第参頁 俊寛……ただ一人許されなかった帰還

名前俊寛(しゅんかん)
生没年康治二(1143)年〜 治承三(1179)年三月二日
宗派真言宗
弾圧者平清盛
諡号無し
略歴 貴族の時代から武士の時代への過渡期を目前にした康治二(1143)年に俊寛は生まれた。血統は村上源氏の出身で、父は仁和寺院家の法印寛雅、母は宰相局(源国房の娘)。真言宗の僧侶で、僧都(大僧正・僧正に次ぐ)の地位にあったことから「俊寛僧都」と呼ばれることも多い。

 後白河法皇の側近で法勝寺執行の地位にあったが、安元三(1177)年に京都東山の麓、鹿ケ谷(ししがたに)の俊寛山荘にて、後白河法皇、大納言・藤原成親・西光法師、多田蔵人行綱(源行綱)、判官平康頼等とともに平氏打倒の討議が為された。
 参加メンバーの中でも藤原成親は、妹が平重盛(清盛嫡男)の妻でありながら、右大将の地位を平宗盛(清盛三男)に取られていたことから平家を激しく憎んでいた。

 だが、この時点で日本最大軍閥である平家に武力で刃向かうだけの力が参加したメンバーの誰にある訳でもなく、具体案に欠ける愚痴めいたぼやき合いに過ぎなかったが、成親が立ちあがった拍子に瓶子(へいじ。早い話、徳利)が倒れ、「ややっ?瓶子(平氏)が倒れましたぞ!」とベタな親父ギャクをかましたことで場の空気が変わった

 後白河法皇はこの駄洒落の後に続く事を参加者に命じ、ベタなギャグを「縁起良いや」とばかりに調子に乗った参加者の誰かが「平氏(瓶子)が多過ぎて、酔ってしまいました。」と云えば、西光が「ならばそんな平氏の首など斬ってしまえ!」と叫んで瓶子の首の部分を叩き折って大笑いした。こいつ等こんな低レベル駄洒落が、本当に面白かったのか?

 鹿ケ谷で騒いでいた連中にしてみれば謀議と云うよりは、悪口を肴にした自棄酒大会だったのかもしれない。だが後白河法皇が自らの守護と思っていた多田行綱がこれを密告した。
 密告を受けた平清盛の動きは素早く、早々と西光が捕えられた。捕えられて尚清盛を罵った西光はその場で斬られた。成親はその妹が平重盛(清盛嫡男)の妻だったことから減刑が為されたが、それでも備前に流された(後に流刑地にて変死)。そして俊寛は藤原成経(成親の子)・平康頼と共に薩摩国・鬼界ヶ島という島流し史上最悪とも云える最果ての地へ流された
 ちなみに謀議の参与に白を切り通した後白河法皇(まあ、この狸親父はそうするだろうな……)は直接の関係はないとされたが、平家によってその権力は大幅に抑制された。
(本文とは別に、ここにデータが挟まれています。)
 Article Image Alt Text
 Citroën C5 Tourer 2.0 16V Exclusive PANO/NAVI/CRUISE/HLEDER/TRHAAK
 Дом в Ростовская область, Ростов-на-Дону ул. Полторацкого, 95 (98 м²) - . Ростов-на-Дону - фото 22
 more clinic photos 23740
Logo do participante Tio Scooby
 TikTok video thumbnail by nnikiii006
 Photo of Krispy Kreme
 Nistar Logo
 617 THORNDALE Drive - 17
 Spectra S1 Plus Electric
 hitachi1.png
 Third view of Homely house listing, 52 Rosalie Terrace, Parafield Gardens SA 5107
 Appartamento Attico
 鬼界ヶ島に流された後の俊寛等三人は都と余りに環境が異なり過ぎる異郷の地で愕然とした日々を過ごすこととなった。望郷の念から成経と康頼は熊野神社に似た地形の場所を神社に見立てて日々参拝して帰郷を祈り、望郷の和歌を記した卒塔婆を作り海に流し続けたが、流刑生活に愕然とする余り神も仏も信じられなくなった俊寛(←おいっ!アンタ真言宗のお坊様でしょ?!)は、二人の願掛け行為に加わらず、日々ゴロゴロしていた。
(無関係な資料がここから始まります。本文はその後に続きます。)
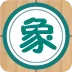 ������ʦ(���������Ϸ)v3.3.7 ���°�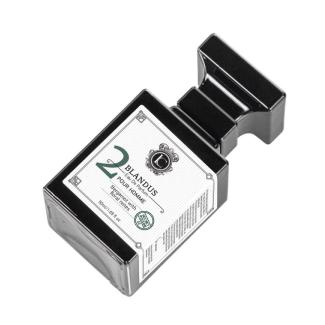 Lavish Perfume Cologne No2 I
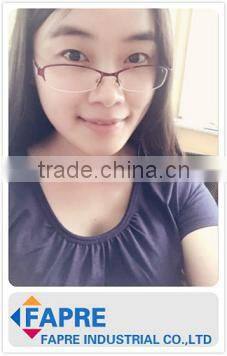 2016 New pre sale 4cm thickness foam judo training Mats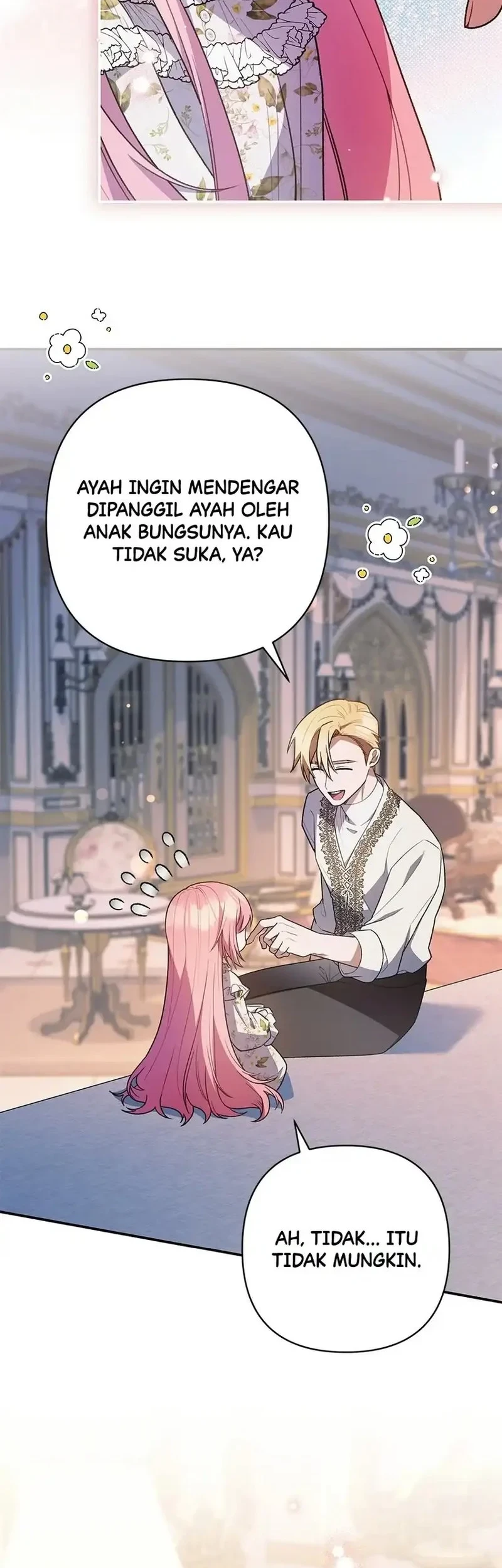 Chapter 10 - halaman 27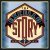 Slim Harpo - I'm A King Bee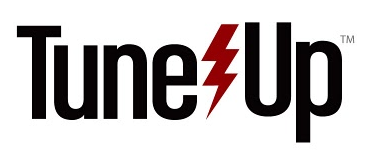 TuneUp Media 2.2.7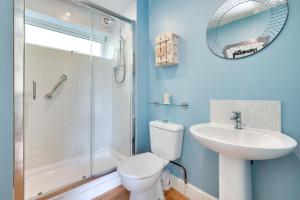 2 Bed in Middleton oc-gle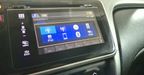 Honda City 1.5 EX Sedan 2017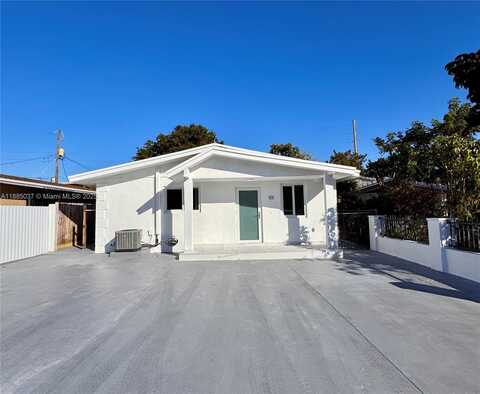 undefined, Miami, FL 33144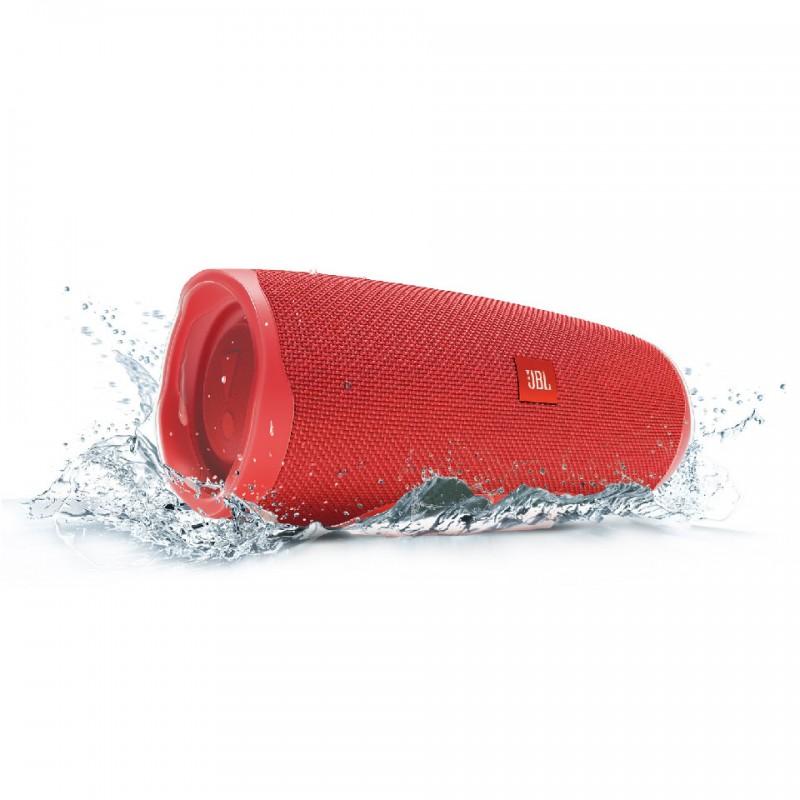 Loa jbl charge 4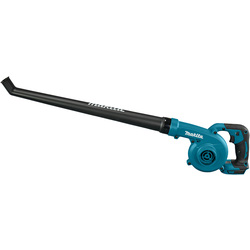 Makita / Makita DUB186ZX1 blaasmachine (body) 18V Li-ion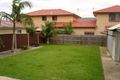 Property photo of 69 Park Road Auburn NSW 2144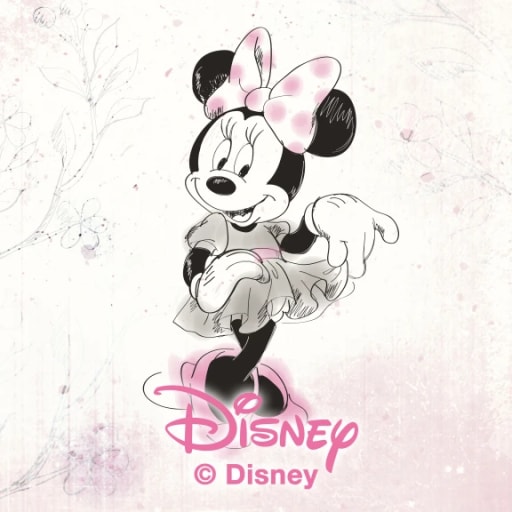 Disney Bubble 9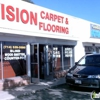 Vision Carpet & Flooring gallery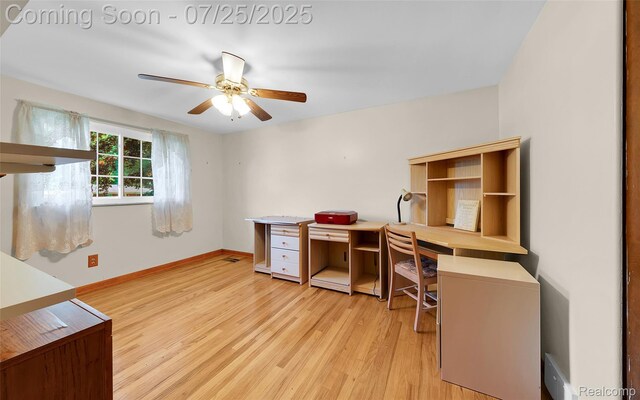 19146 Mckinnon St S, Roseville, MI 48066 - photo 27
 成経と康頼が流した卒塔婆は千本に及び、やがて、一本の卒塔婆が安芸国厳島に流れ着いた。拾われて回り回ってこれが清盛の元に届くと、これを見た清盛はさすがに惨過ぎる流刑と考えたものか、娘・徳子(高倉天皇妃)の安産祈願を名目とした恩赦を行い、翌治承二(1178)年に赦免船を鬼界ヶ島に送った。
 だが、赦免船に乗ることを許されたのは成経と康頼のみで、清盛は「俊寛だけは許さん!」としてただ一人島に残すこととなった。偏に謀議の張本人とされたゆえのことだった。
 赦免状に自分の名前だけが無いことが信じられず、何度も赦免状を読み直し、船員にも必死に自分を船に載せてくれることを泣いて嘆願した俊寛だったが、勿論受け入れられず、最後まで船にしがみつくも、振り解かれ、船は島を離れた。
 成経・康頼も俊寛を哀れに思いながらも、彼に付き合って島に残る程お人好しではなかったし、もしそんな気持ちがあっても鬼界ヶ島の環境は余りにも過酷過ぎた。

 絶望し、悲嘆に暮れる俊寛の下、翌治承三(1179)年、俊寛の侍童だった有王が鬼界ヶ島を訪れ、変わり果てた姿の俊寛と再会した。有王は俊寛の娘からの手紙を持参しており、それを読み、妻と息子の死を知った俊寛は自らも死を決意した。
 それから俊寛は食を断つことで二三日後に自害して果てた。俊寛享年三七歳。遺灰が有王によって京へ持ち帰られたことにより、俊寛は都に無言の帰宅を果たした。
有王はその後出家して俊寛の菩提を弔い続けたと云う。


弾圧 何と云っても「最悪の流刑地・鬼界ヶ島に流された」の一言に尽きる。流刑にも、近流(こんる)・中流(ちゅうる)・遠流(おんる)という言葉が有り、軽い罪なら都の近場に流される程度で、左遷や都からの所払いと大して変わらないものもあった。だが重罪人には最果てとも云える地への流刑が待ち構えていた。  一般に過酷な流刑地としては「金山に入ったら(重労働で)三年で死ぬ」と云われた佐渡島や、「鳥も通わぬ」といわれた八丈島が有名だが、平安時代には八丈島への流刑は確立していなかった(八丈島に中央政権の施政が及んだのは室町時代)。
 大和朝廷の勢力も北は奥六郡、南は薩摩までで、その地より遠い所は、云わば『外国』だった。それどころか、時代を少し遡れば東北も九州も蝦夷・俘囚・隼人と呼ばれた異民族の住まう地だったのである。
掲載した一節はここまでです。